(Data provided Opens)

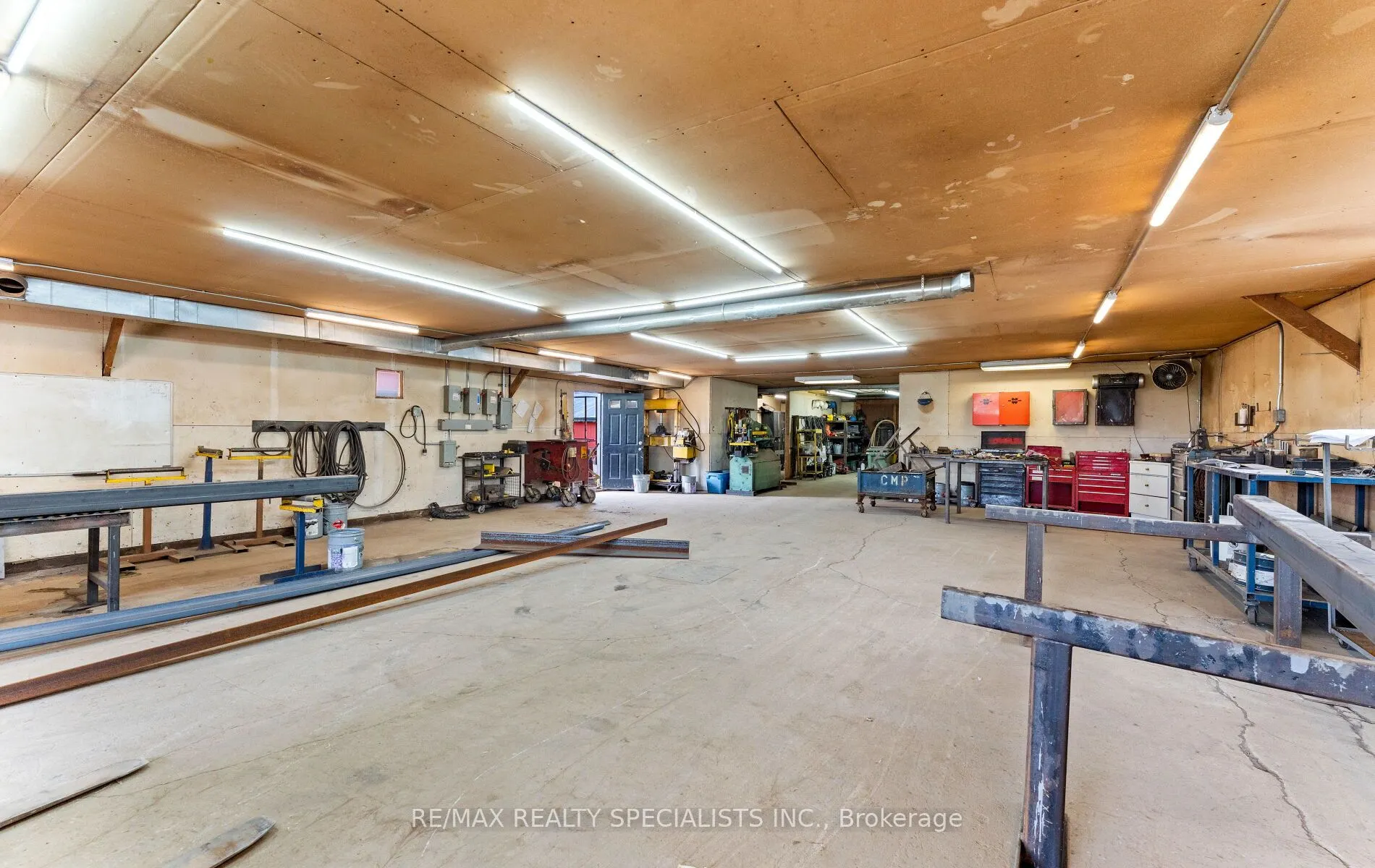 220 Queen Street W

(Data provided Closes)
(Data provided Opens)

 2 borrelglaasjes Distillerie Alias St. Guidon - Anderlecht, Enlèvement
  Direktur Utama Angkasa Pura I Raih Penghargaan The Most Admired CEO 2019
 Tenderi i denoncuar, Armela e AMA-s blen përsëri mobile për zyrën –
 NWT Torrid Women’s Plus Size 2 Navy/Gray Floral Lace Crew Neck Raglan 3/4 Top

(Data provided Closes)

= What the task requires =
Begin at the line above that has "Direktur Utama Angkasa" and stop after the line that has "NWT Torrid Women’s", copying each line exactly and adding nothing else.

= Solution to this problem =
  Direktur Utama Angkasa Pura I Raih Penghargaan The Most Admired CEO 2019
 Tenderi i denoncuar, Armela e AMA-s blen përsëri mobile për zyrën –
 NWT Torrid Women’s Plus Size 2 Navy/Gray Floral Lace Crew Neck Raglan 3/4 Top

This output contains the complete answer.